Posted by Dave Hennings on 4 August 2017

An interesting grid this week from Serpent, he of last year’s Child’s Play with its Snakes & Ladders theme. Here we had an 18×10 grid which looked as though it was without symmetry, although it was two identical 9×10 grids (still asymmetric) stuck together. [Thanks for that. Ed.]

Across clues were normal, as were the upper down clues which had to be enetered jumble-wise.

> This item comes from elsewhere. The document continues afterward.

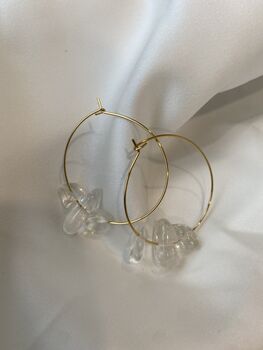 Large Clear Quartz Crystal Hoop Earrings, 8 of 8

The lower down clues had an extra letter which needed to be moved to the top row transforming it from a jumble to a real word; I liked that idea.

I was fairly slow solving the acrosses (just half a dozen) and decided to tackle the Lower Down clues next which were listed separately from the Upper Downs (thanks, Serpent). I was a bit worried when I got to 29 Initially thin people disliked pastry dishes (5) where I suspected that F was the extra letter, referring to old [F]ARTS in the wordplay! It turned out to be [W]ARTS.

After about 50 minutes, I had what looked as though it could be WAG TO UPPER EARPIECE in the top row. A bit more concentration, and a smile broke out as I realised that WIG TOUPEE HARIPIECE were likely to be the three words required. My first guess at the condition was FOLLICLY- [Wrong spelling. Ed.] CHALLENGED.

Having the top row in place certainly helped with the remaining Lower Down entries, but it still took nearly 90 minutes to fill the rest of the grid. I particularly liked the clue to 4 Number: band regularly does covers? (6) for DEADER, although I wasn’t sure why there was a question mark. I also thought that it was a shame that the amusing 28 Informal request, the same in French (5) LEM[E]ME wasn’t in Chambers.

The condition was finally revealed as ANDROGENIC ALOPECIA which isn’t in C, although male pattern baldness is.

Thanks for a very entertaining puzzle, Serpent, and thanks also for smile number two — the title!